She looked over at him, her expression amazed. “You do actually live here. Your mother gave me this address when I called but I wasn’t sure I understood her correctly.”

Logan gestured toward the recliner sans duct tape, and then frowned as he watched her drop to the seat with a little sigh. She seemed glad to have something beneath her.

“Oh, Mom has the story straight,” he replied, scrutinizing Elena even more closely. “Can I get you something to eat? A beer?
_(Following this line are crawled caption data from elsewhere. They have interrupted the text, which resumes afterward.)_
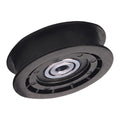 Idler Pulley for ECKA30 Mower (Replacement Tensioner Belt Wheel)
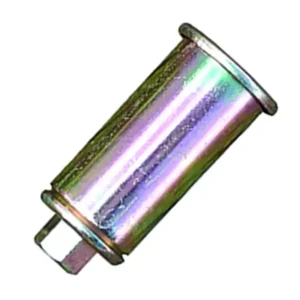 CABEÇAS PARA MAÇARICOS TOCHA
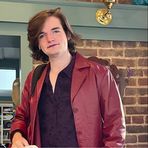 Nathaniel Gilman - Facebook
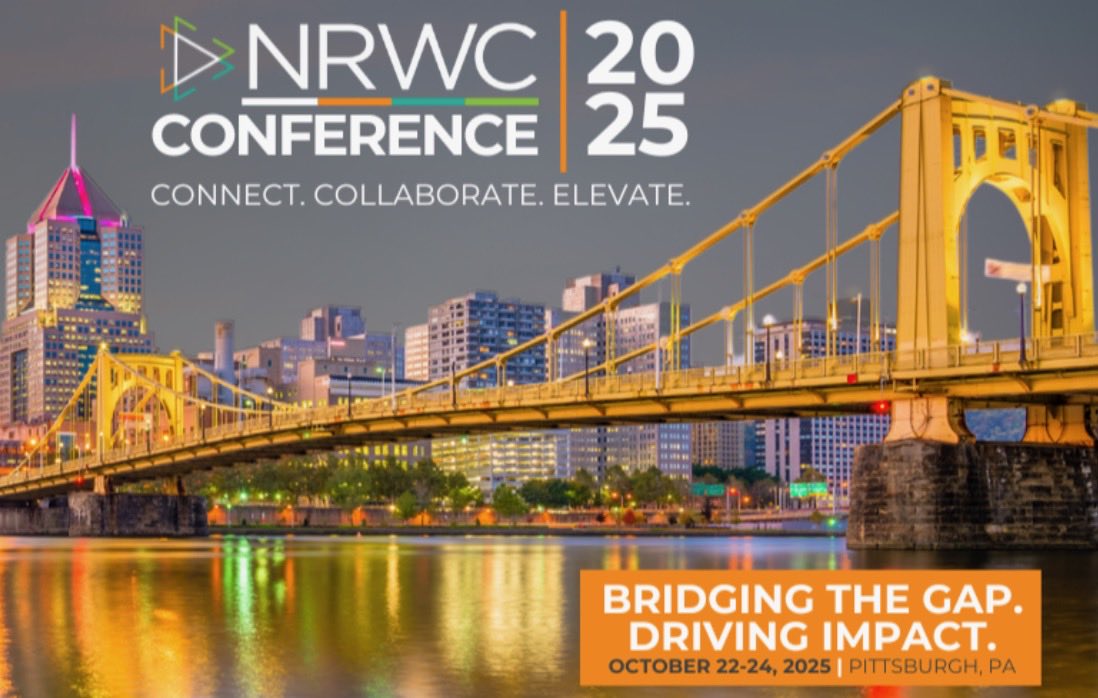 Alison J. Rapping tweet media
Soda?”

She waved a weary hand. “Whatever.”

When he came back in with two bottles of beer in one hand and a plate of cold pizza in the other, Elena was collapsed against the back cushion of her chair. He handed her a bottle and put the pizza on the scarred end table between the two recliners, nudging over the remote control to make room.
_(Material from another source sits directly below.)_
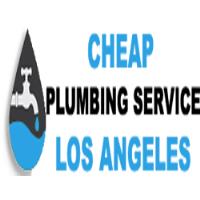 Cheap Plumbing Services Los Angeles image 1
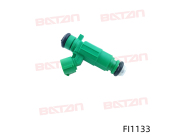 BATON F * * * 3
She took a long swallow of beer then cast him a look. “You really quit Chase Electronics?”

He took a chug from his own bottle. “Yep.”

“You moved out of your condo and bought this Victorian. On my side of town.”

“Yep. Though the condo is actually Griffin’s. He and Annie will live in it when they get back from the honeymoon. Until they find their own house, anyway.”

“You quit Chase Electronics,” Elena repeated as if still not quite believing it, then took a longer swallow from her bottle.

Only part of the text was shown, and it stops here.